L’attacco non è casuale, costituisce anzi un rimando preciso a Tre ipotesi sulla morte dell’anarchico Pinelli, segmento del film Documenti su Giuseppe Pinelli, diretto da Elio Petri nel 1970. In quel caso, il gruppo di lavoratori, con in testa Gian Maria Volonté, ricostruiva le ipotesi emerse dalle indagini sulla morte dell’anarchico Pinelli: potete vederlo su YouTube e notare come l’accuratezza della ricostruzione sia anche un meccanismo per scardinare le assurdità delle tesi volte a considerare il tragico evento come un semplice suicidio. La riproducibilità del vero, insomma, diventa strumento per smascherare le sue contraddizioni.
Ecco, lo smascherare: la scelta migliore e l’aggancio più preciso al lavoro di Petri e Volonté, Sabina Guzzanti lo compie quando gioca con questo doppio registro. Da un lato ricostruisce in modo documentato e preciso i passaggi della trattativa, dall’altro mette luce l’aura mediocritas di chi l’ha portata avanti. Perché filmare spesso è un gesto che naturalmente evoca un’epica, il canto di gesta loro malgrado ammantate da una grandezza che è quella degli uomini che creano la Storia. Invece, in questa Storia, da celebrare c’è poco, c’è tanto da far emergere e ancor più da comprendere per capire dove si è sbagliato.
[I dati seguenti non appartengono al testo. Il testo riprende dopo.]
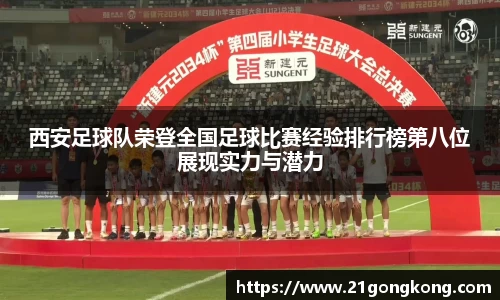 西安足球队荣登全国足球比赛经验排行榜第八位展现实力与潜力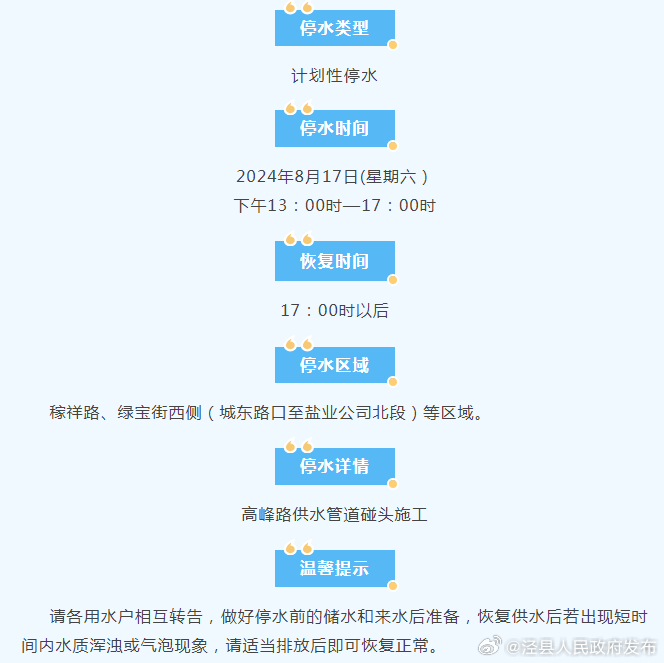 蘭州市停水最新動態(tài)更新，停水信息及應(yīng)對措施揭秘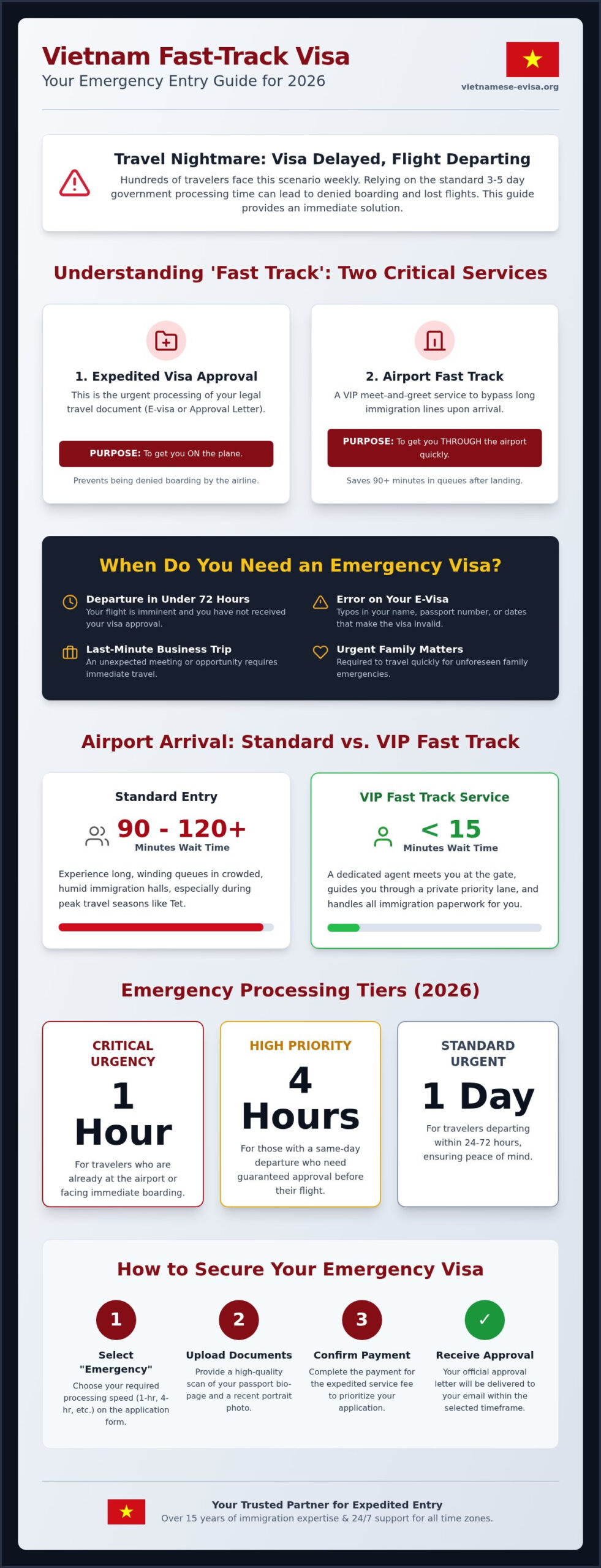 Fast Track Vietnam Visa: Emergency Approval & Airport VIP Guide (2026)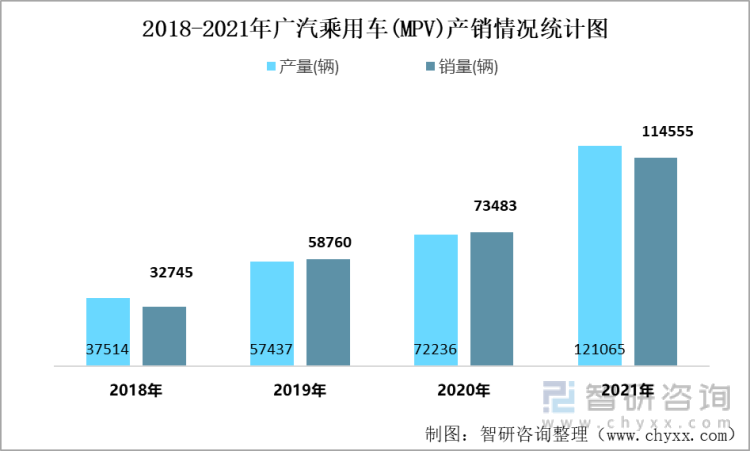 2018-2021年广汽乘用车(MPV)产销情况统计图
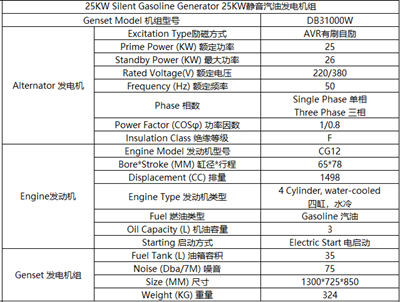 25KW靜音汽油發電機組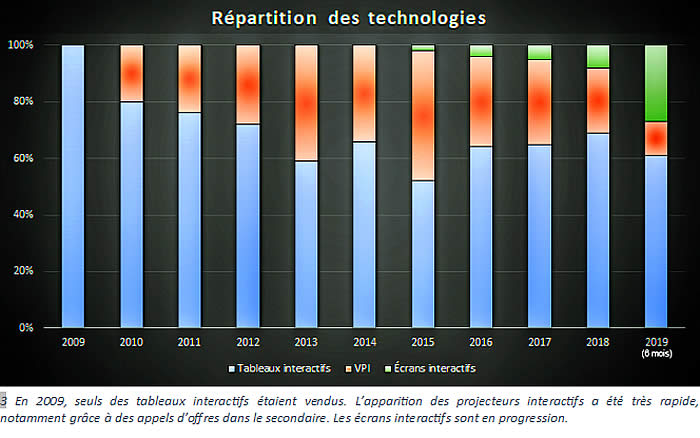 répartition équipement TBI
Perciò la finzione del set si rivela, ma anche il gioco degli smascheramenti: attori che recitano persone reali e ne mettono in luce l’assoluta inadeguatezza al ruolo, tanto da restituire un clima di totale improvvisazione dove però l’errore riesce ad assurgere a sistema in modo talmente preciso da lasciare campo libero alla malavita. Siamo abituati in fondo a pensare al Male come a un modo di vivere capace di riverberare un suo corrotto fascino, e invece la realtà è che spesso a perpetrarlo sono uomini miseri, privi di qualsiasi virtù, spinti solo dalla voglia di restare a galla. Dove addirittura il mafioso può vergognarsi del politico e non il contrario. E non sembra essercene per nessuno: mafiosi, politici, magistrati, tutti passano per questo filtro che compie l’operazione opposta della glorificazione. Nel riprodurre in fiction le gesta dei personaggi li riporta su un piano materiale che ci mostra la loro miseria.
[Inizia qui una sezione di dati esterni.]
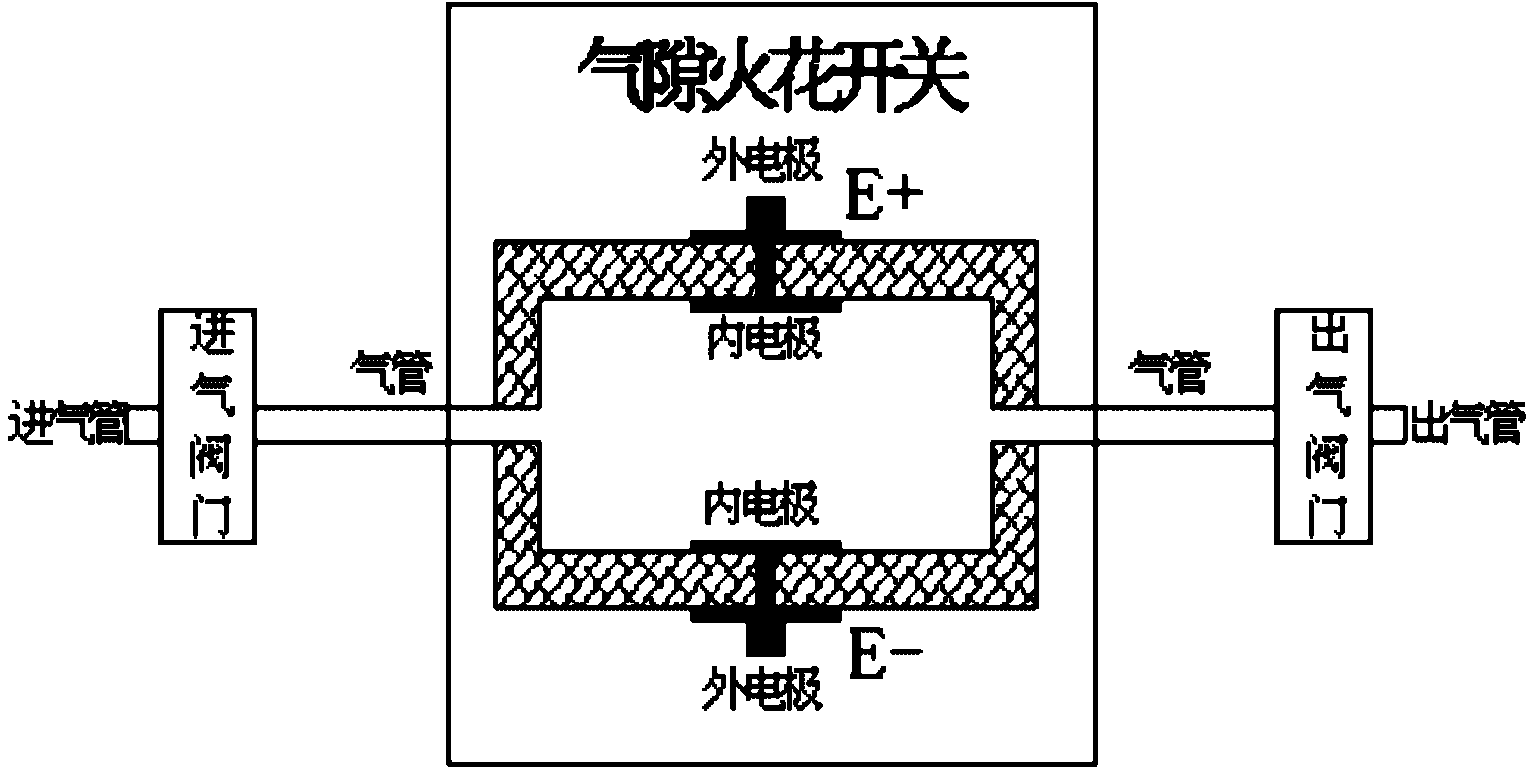 Full-automatic intelligent strong fast-rise electromagnetic pulse generating device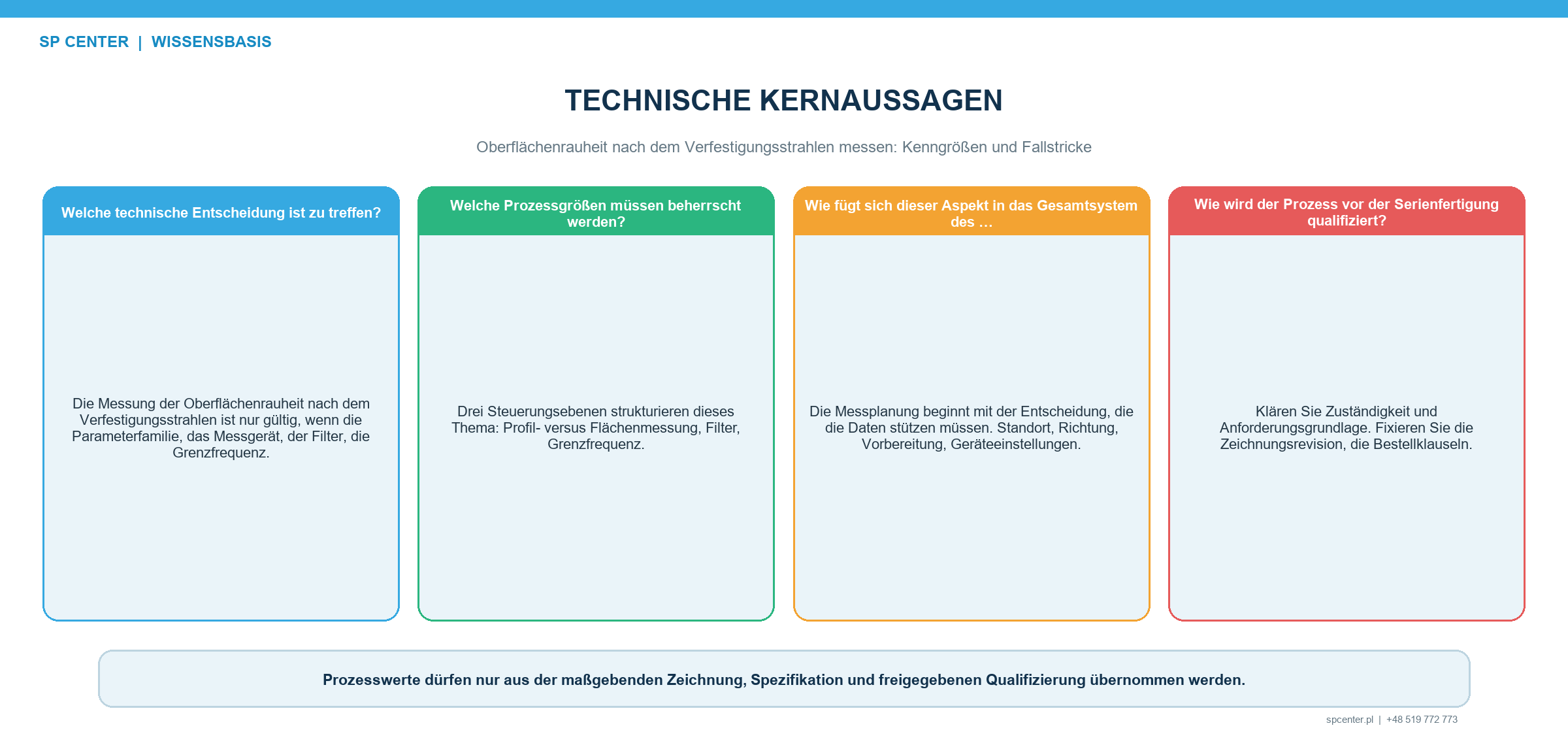 Messkette für gestrahlte Oberflächentextur von Zeichnungsspezifikation über Profil- oder Flächenaufnahme Filterung Kennwertauswertung Unsicherheit bis Freigabe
Così, l’intento informativo e di denuncia è di sicuro interessante, ed è quello che colpirà maggiormente il pubblico che non conosce a fondo i vari passaggi della trattativa: ma l’aspetto più affascinante è quest’opera di disvelamento della mediocrità che rende i personaggi così tragicomici e in un certo senso ci riporta anche al passato satirico dei programmi della Guzzanti, basati proprio sulla deformazione delle maschere, sul gusto grottesco del far emergere la bruttezza interiore giocando con la distorsione dell’immagine esteriore. In questa sarabanda di eventi dove il “gruppo di lavoratori dello spettacolo” mette in scena di volta in volta vari personaggi, ricompare anche la maschera del Berlusconi interpretato dalla stessa Guzzanti, come a creare proprio la continuità col passato.
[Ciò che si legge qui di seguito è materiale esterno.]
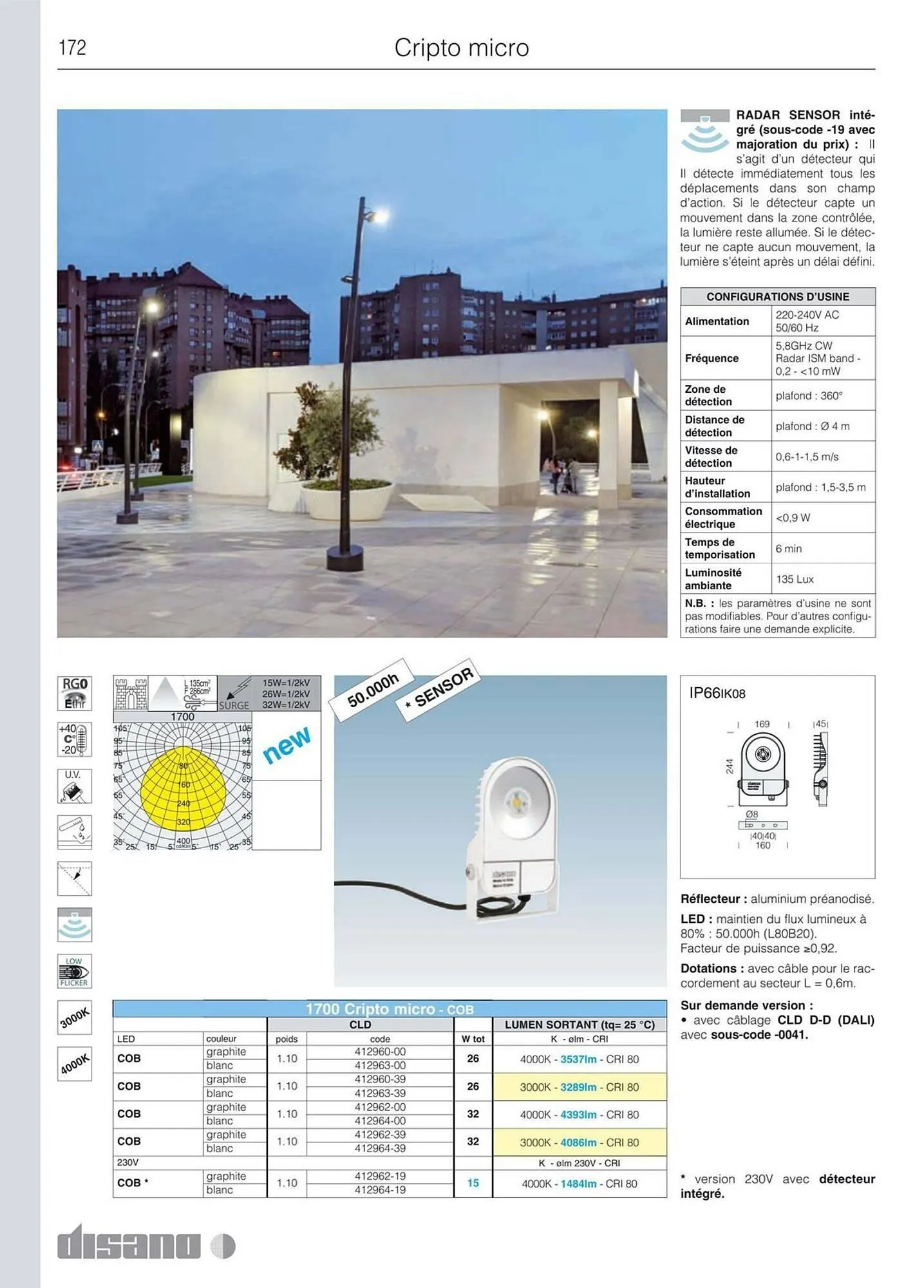 Volantino Disano da 8 marzo a 26 aprile di 2025 - Pagina del volantino 200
Ma la risata è breve, il gusto del paradosso è troppo reale, e allora a questo è affidata la chiusura: l’artista si fa avanti e abbandona la ricostruzione documentaria per l’ultimo smascheramento, in cui immagina un’Italia migliore e per farlo mette in evidenza quello che il Paese è diventato. Un film da vedere con attenzione, dunque, per coglierne i vari livelli, magari in parallelo con l’altrettanto interessante Belluscone – Una storia siciliana di Franco Maresco (uscito giusto un mese prima nei cinema, il 4 Settembre). Qualcuno ha giocato al solito confronto per sminuire questa o l’altra opera (perché, chissà come mai, l’idea è sempre che bisogna scegliere), ma in realtà sussiste una certa complementarietà fra i due lavori che li rende entrambi necessari.